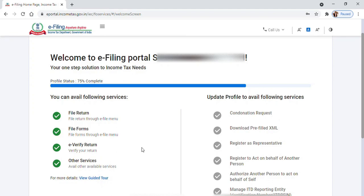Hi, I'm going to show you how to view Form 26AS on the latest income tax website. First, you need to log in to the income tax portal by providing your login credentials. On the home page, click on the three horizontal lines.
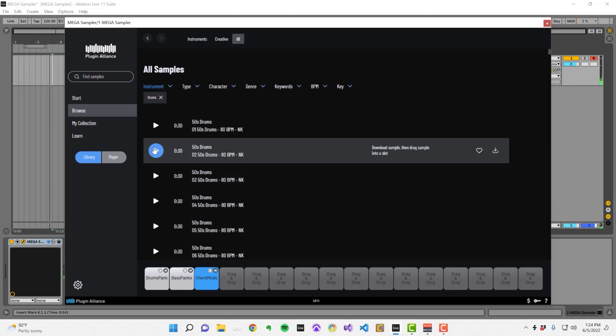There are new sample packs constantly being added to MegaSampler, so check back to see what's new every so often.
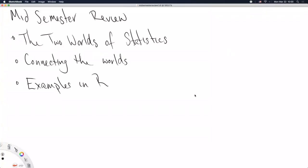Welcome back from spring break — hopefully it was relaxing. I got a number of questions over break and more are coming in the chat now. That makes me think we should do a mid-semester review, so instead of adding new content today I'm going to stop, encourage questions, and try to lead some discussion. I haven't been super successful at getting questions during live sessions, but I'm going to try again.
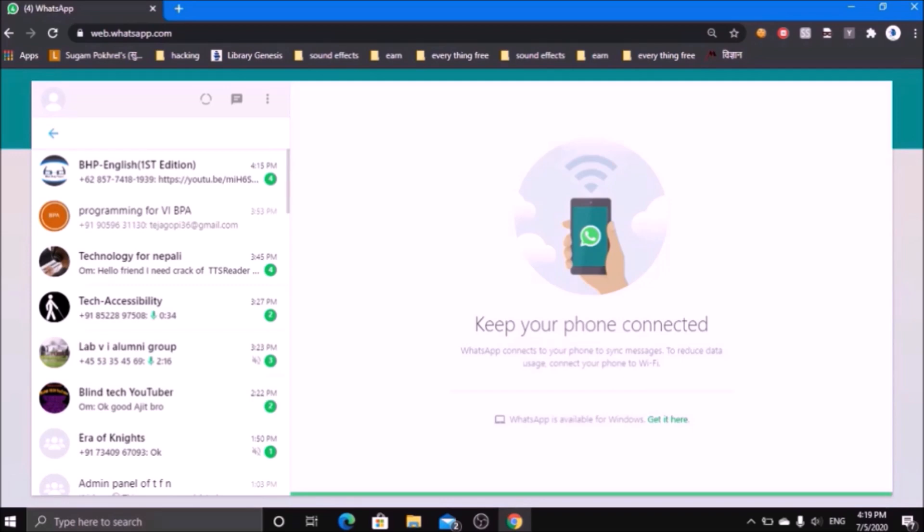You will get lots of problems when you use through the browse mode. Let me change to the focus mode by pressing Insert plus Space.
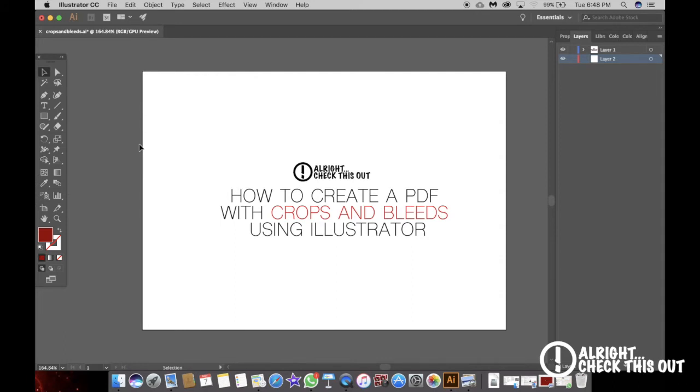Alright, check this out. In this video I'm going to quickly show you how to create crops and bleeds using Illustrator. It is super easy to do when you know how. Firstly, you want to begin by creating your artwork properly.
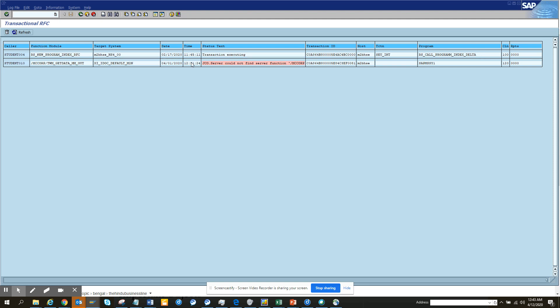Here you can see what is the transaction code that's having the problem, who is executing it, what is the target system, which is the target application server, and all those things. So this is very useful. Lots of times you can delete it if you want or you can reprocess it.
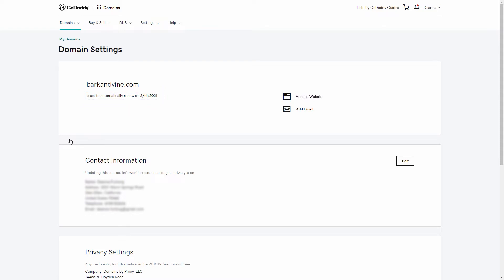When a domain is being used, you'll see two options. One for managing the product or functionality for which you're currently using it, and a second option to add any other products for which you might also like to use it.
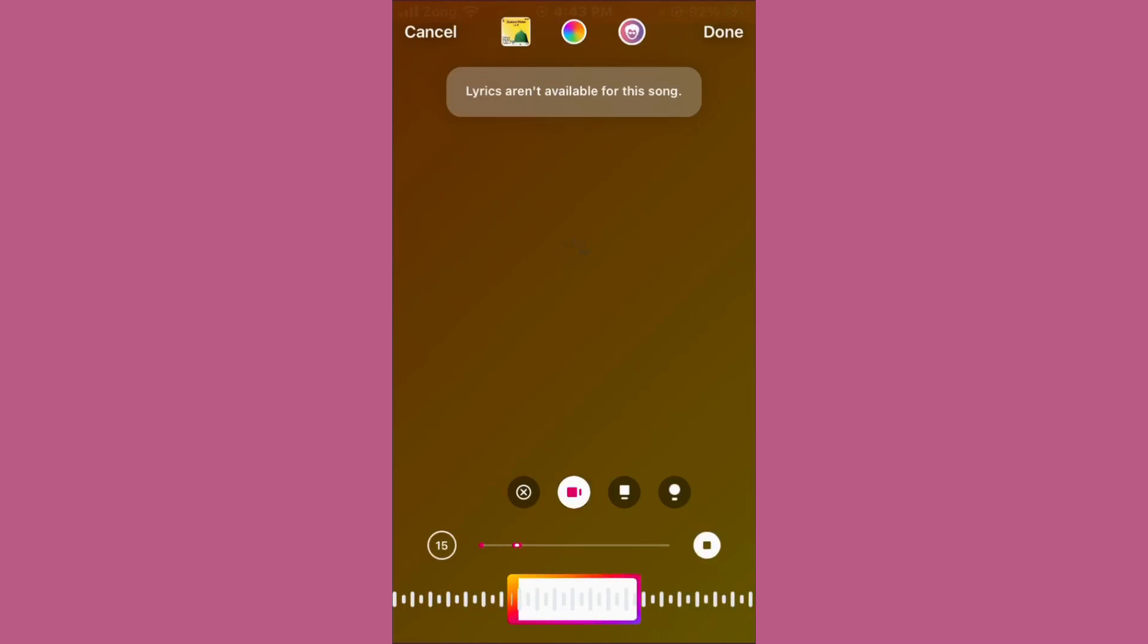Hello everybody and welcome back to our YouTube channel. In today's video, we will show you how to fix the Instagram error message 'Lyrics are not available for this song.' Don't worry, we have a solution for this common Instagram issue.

:::::

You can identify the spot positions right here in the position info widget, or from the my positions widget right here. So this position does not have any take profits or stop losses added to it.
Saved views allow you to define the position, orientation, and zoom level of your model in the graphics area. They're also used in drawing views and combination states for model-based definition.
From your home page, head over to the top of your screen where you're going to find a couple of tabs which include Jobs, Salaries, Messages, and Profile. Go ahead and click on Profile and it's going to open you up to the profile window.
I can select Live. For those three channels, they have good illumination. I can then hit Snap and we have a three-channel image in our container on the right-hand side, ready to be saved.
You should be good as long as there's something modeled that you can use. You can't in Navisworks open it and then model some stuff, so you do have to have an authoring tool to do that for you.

:::::

**Brief**
Each line above that falls between the line with "There are new" and the line with "Hello everybody and" should be printed exactly, together with those two lines, but the pictures should not.

**Written solution**
There are new sample packs constantly being added to MegaSampler, so check back to see what's new every so often.
Welcome back from spring break — hopefully it was relaxing. I got a number of questions over break and more are coming in the chat now. That makes me think we should do a mid-semester review, so instead of adding new content today I'm going to stop, encourage questions, and try to lead some discussion. I haven't been super successful at getting questions during live sessions, but I'm going to try again.
You will get lots of problems when you use through the browse mode. Let me change to the focus mode by pressing Insert plus Space.
Alright, check this out. In this video I'm going to quickly show you how to create crops and bleeds using Illustrator. It is super easy to do when you know how. Firstly, you want to begin by creating your artwork properly.
Here you can see what is the transaction code that's having the problem, who is executing it, what is the target system, which is the target application server, and all those things. So this is very useful. Lots of times you can delete it if you want or you can reprocess it.
When a domain is being used, you'll see two options. One for managing the product or functionality for which you're currently using it, and a second option to add any other products for which you might also like to use it.
Hello everybody and welcome back to our YouTube channel. In today's video, we will show you how to fix the Instagram error message 'Lyrics are not available for this song.' Don't worry, we have a solution for this common Instagram issue.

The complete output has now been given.